Even though it can be done, 1G is a bit low. 2G+ nodes are what you ideally want.
So if you get 2GB nodes, that's $10/mo, and you get another vCPU plus more disk space, for a better cluster even on KVM VPSes without nested virt. PVE is still a good manager, centralized, other features, LXC container manager, backups, replication, etc. etc.
So the 2GB+ might be a better setup option, but depends on your needs. If you're not running a lot and still want all the PVE features, then 1G is fine too with this low end ZRAM/ZSWAP setup.
If you're going to be running heavier containers needing more RAM, buy VPS with more RAM. That cannot be overstated.
For my needs, for $5/mo, I can get 4 redundant MX Proxmox Mail Gateways to route email to my server, so if one goes down, another can deliver it. Though for redundancy on MX, there should be one outside a cluster, so should the entire cluster fail and all nodes go down, at least mail can still be delivered.
In short, business/personal needs dictate what resources should be acquired. This was fun. Thanks for humoring me, folks.
You can get it for less.
Wat, 3GB Swap file and you are swapping 1.6GB on Disk, on a cheap VPS.
You aware this causes high I/O usage, which is a reason to suspend you?
iotop doesn't seem so busy... though I will collect iotop logs over a period of time.
https://termbin.com/hby59
Doesn't seem to be writing enough to be considered high i/o. It's busy, sure, but it's not writing a lot. Few hundred KB at most upon each iteration of iotop.

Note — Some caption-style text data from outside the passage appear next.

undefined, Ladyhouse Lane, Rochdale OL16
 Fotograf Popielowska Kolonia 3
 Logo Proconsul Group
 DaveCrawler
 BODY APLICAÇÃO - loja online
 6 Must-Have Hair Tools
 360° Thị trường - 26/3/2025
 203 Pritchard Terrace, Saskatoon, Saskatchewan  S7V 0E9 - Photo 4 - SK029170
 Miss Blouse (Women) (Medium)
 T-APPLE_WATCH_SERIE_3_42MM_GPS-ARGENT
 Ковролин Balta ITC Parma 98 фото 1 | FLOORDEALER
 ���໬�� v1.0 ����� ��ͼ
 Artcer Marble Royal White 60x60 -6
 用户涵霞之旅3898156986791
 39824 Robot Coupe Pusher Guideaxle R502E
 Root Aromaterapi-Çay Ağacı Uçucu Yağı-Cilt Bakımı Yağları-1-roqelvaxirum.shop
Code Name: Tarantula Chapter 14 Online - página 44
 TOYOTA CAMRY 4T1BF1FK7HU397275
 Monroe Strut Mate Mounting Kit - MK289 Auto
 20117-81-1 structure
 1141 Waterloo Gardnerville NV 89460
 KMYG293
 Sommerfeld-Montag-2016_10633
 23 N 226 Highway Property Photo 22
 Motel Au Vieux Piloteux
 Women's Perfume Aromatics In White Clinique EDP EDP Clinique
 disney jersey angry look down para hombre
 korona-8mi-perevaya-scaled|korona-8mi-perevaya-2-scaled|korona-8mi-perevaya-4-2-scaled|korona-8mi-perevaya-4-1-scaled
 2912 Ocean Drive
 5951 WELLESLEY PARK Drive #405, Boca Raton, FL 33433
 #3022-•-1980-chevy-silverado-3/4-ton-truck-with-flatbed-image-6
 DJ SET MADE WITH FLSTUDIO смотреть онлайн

What you are seeing is the initial swapping in the beginning, after which it stabalizes itself unless you need to reboot, which I don't need to do so frequently. I'm not sure how to collect vmstat data. It doesn't have an option for non-interactive seemingly.
This is basically equivalent to a web or self hosted service where the disk is being written to frequently but not under any conditions that might cause thrashing or unacceptably high i/o.
Furthermore, most of the active paging I see is in compressed memory and not to disk post initial swapping upon boot up and container boot up.
512MB of that SWAP is actually ZRAM. Then we have 40% of 1G which is roughly 400MB being compressed by ZSWAP. Most of the active paging is happening between memory to compressed memory before it hits the disk. Disk i/o is not much, but swapping is frequent due to ZRAM/ZSWAP compression.
I'll continue monitoring vmstat and swap i/o over time and see how that looks.
Unless I'm incorrect/wrong, which is likely.
New Debian Release going to ship LXD 5.0.
https://wiki.debian.org/LXD
Thanks for the update. That will be awesome. Hopefully Debian's implementation would be more stable than Ubuntu's.
So, I've been monitoring /swapfile i/o and other stats, and here are the numbers for the 2x 1G Racknerd nodes:
And node 2:
Sure, we see 1.5x G in SWAP, but CPU is idle at 10% usually, no more, barely any spikes even when delivering mail which is my primary use case for the 1G nodes.
Disk i/o is minimal at most. I do not see any kworker threads consuming disk i/o for /swapfile or the /dev/vda2 swap partition,
vmstat -d
and other tools likeperf
.And here are the numbers averaged for a day
Both 1G nodes idle at 10% CPU and swap in and out of zswap to zram. There is no issue with high i/o, high swap i/o, high CPU usage or any other noise which might attract the attention of the providers.
In previous screenshots I was using the system a lot, installing, updating, etc. so the load seemed high. But when it's just sitting there doing its job, it's not bad at all.
I should mention the updated tweaking to swapping: On a 1G node, you want 256MB ZRAM, 20% pool space in ZSWAP, zstd compressor for both, and sysctl.conf
My initial config of 100% swappiness was causing a bit too much swapping to occur, down to 60-80% seems to work well, reduce the cache pressure to 50% of our original value, don't start telling dirty processes to purge until we have 60% reached capacity and at 50% dirty ratio.
Play around with the numbers here and see what works best for you.
Let's see how Debian 12 do. Cheers folks, thanks for reading!
Whats software in the screenshot?
May i know how to handle the inbound public IP address when the VPS migration to another node?
@stoned I like your idea! Sounds like a fun thing to try.